Pour l’avenir à moyen terme, idéalement j’arrive à vivre de ma micro-entreprise. À long terme on va retrouver deux options :  la première, c’est de me diriger vers une carrière académique si un poste se propose, ce à quoi je crois très peu ; la seconde qu’un ou plusieurs de mes projets entrepreneuriaux, etupro ou le projet de prévention de suicides par les pairs, fonctionnent suffisamment pour que je puisse me verser un salaire en tant que chef de projet et que j’arrive à en vivre.  Enfin, une autre idée, ce serait de travailler dans le milieu associatif. J’attends de voir ce qu’il arrive.

Quels conseils donneriez-vous à un doctorant qui souhaite se lancer dans l’entrepreneuriat mais qui n’ose pas ?

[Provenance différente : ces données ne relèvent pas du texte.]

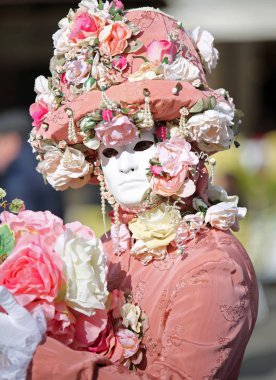 Venice, İtalya - 5 Şubat 2018: kişi karnaval elbise ile ve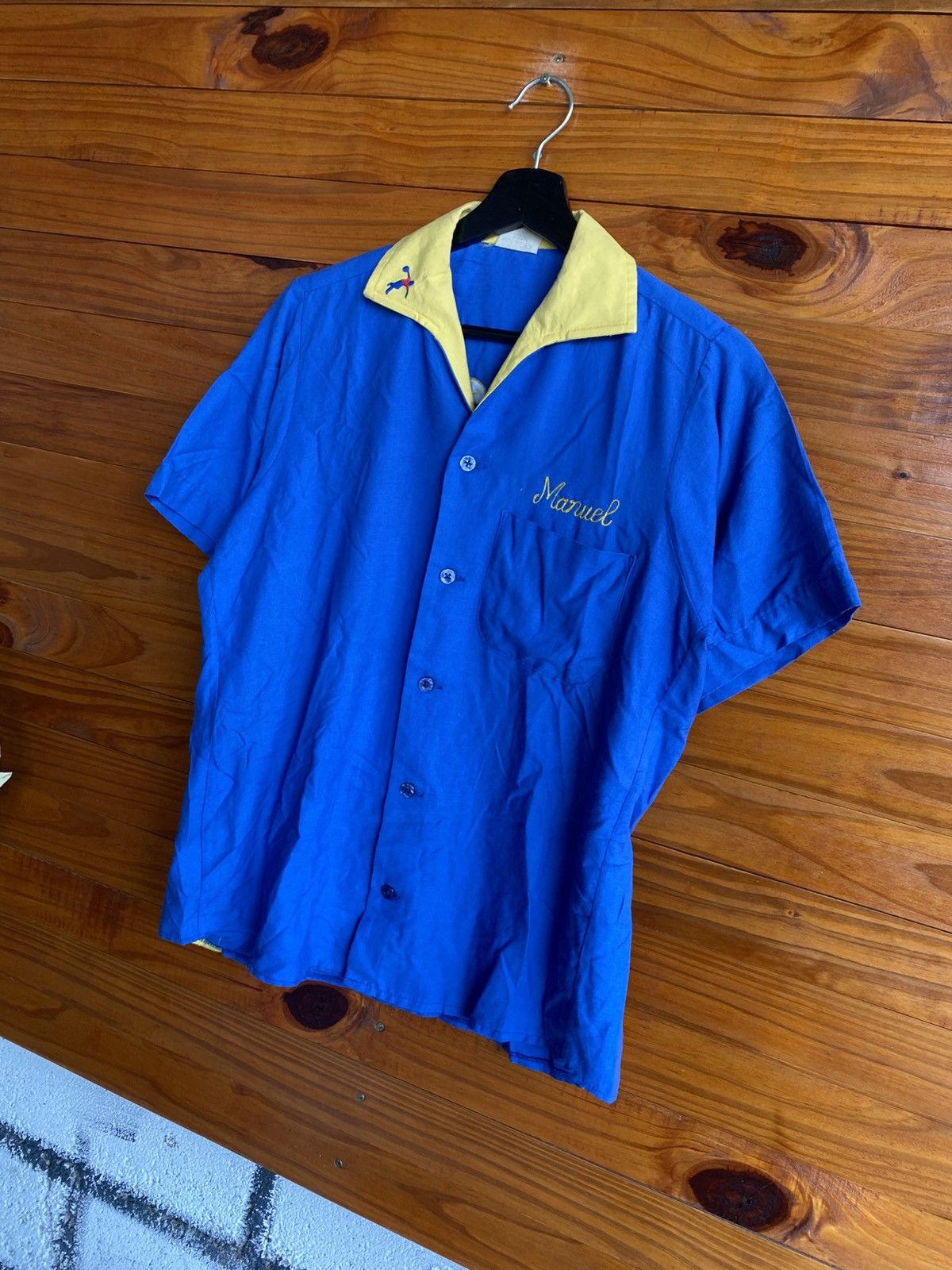 Vintage Vintage 60 King Louie Blue Yellow Embroidered Bowling Shirt Size US S / EU 44-46 / 1 - 4 Thumbnail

Je pense qu’il faut vraiment distinguer les doctorants qui sont rémunérés pour leur thèse, de ce qu’ils ne le sont pas. Je vais parler en tant que doctorant qui ne l’est pas, pour ceux-là, j’aurais envie de dire, vous n’avez rien à perdre. Pour les thèses rémunérées, ça dépend vraiment des profils. Le doctorat rémunéré ça donne beaucoup de liberté car on a un statut de cadre, on est libre de faire son programme tout en ayant une certaine sécurité avec un salaire qui tombe. Ce ratio confort/liberté il est quand même assez agréable et pour cela je dirais entreprenez si ça vous intéresse et qu’il y a quelque chose à faire mais ne vous sentez pas obligé non plus, il y a plein de choses qui sont intéressantes.